[DATASET CONTENT]
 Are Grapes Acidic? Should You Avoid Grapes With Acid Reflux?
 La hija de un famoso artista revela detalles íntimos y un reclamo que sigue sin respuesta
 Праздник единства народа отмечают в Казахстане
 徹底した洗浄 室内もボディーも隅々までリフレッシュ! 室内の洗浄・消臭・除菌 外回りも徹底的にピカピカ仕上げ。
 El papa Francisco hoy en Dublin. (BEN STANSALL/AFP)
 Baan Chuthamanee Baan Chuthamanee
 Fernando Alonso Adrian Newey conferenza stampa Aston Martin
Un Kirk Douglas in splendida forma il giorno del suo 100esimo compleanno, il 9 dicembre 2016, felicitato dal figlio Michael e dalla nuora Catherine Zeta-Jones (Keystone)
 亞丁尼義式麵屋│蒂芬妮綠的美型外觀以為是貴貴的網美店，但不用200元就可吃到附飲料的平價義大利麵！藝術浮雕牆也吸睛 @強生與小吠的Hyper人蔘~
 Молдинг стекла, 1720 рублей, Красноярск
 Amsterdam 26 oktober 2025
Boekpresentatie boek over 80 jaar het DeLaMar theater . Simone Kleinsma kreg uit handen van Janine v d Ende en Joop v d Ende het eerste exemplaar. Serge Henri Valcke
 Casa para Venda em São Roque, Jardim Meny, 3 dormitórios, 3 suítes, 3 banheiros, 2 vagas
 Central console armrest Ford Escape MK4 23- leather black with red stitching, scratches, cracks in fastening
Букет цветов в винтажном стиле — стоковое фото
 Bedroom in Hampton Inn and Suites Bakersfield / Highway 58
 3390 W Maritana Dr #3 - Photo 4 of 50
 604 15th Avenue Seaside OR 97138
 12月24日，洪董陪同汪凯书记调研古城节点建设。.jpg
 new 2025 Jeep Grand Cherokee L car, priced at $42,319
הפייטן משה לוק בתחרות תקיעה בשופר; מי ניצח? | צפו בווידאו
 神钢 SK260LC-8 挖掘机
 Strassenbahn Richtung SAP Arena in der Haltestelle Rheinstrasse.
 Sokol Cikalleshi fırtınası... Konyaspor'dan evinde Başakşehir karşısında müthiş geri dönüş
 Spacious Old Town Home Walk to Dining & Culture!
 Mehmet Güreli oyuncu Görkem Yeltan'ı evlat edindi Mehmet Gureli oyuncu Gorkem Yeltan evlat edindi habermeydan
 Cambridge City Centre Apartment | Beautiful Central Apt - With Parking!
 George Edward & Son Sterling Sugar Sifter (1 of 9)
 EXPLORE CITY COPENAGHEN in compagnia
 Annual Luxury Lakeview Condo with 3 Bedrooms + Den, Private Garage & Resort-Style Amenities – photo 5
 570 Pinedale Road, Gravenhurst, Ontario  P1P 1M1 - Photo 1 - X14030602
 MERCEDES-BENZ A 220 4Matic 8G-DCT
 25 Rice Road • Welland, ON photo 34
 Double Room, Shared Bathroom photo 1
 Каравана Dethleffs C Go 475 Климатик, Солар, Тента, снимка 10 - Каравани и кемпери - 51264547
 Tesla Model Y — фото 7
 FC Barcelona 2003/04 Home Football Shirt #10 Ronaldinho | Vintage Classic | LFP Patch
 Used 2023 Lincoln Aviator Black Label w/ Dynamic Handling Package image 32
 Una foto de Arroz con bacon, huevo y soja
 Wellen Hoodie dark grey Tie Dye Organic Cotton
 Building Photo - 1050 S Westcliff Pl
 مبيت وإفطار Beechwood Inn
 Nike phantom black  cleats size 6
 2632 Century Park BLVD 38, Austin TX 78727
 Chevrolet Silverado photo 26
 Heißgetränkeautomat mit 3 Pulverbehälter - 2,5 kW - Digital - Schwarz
[/DATASET CONTENT]
§ **EXERCISE**: State how many lines of the records above contain the word "Home", and give only that number.

§ **ANSWER TO THE PROBLEM**: 2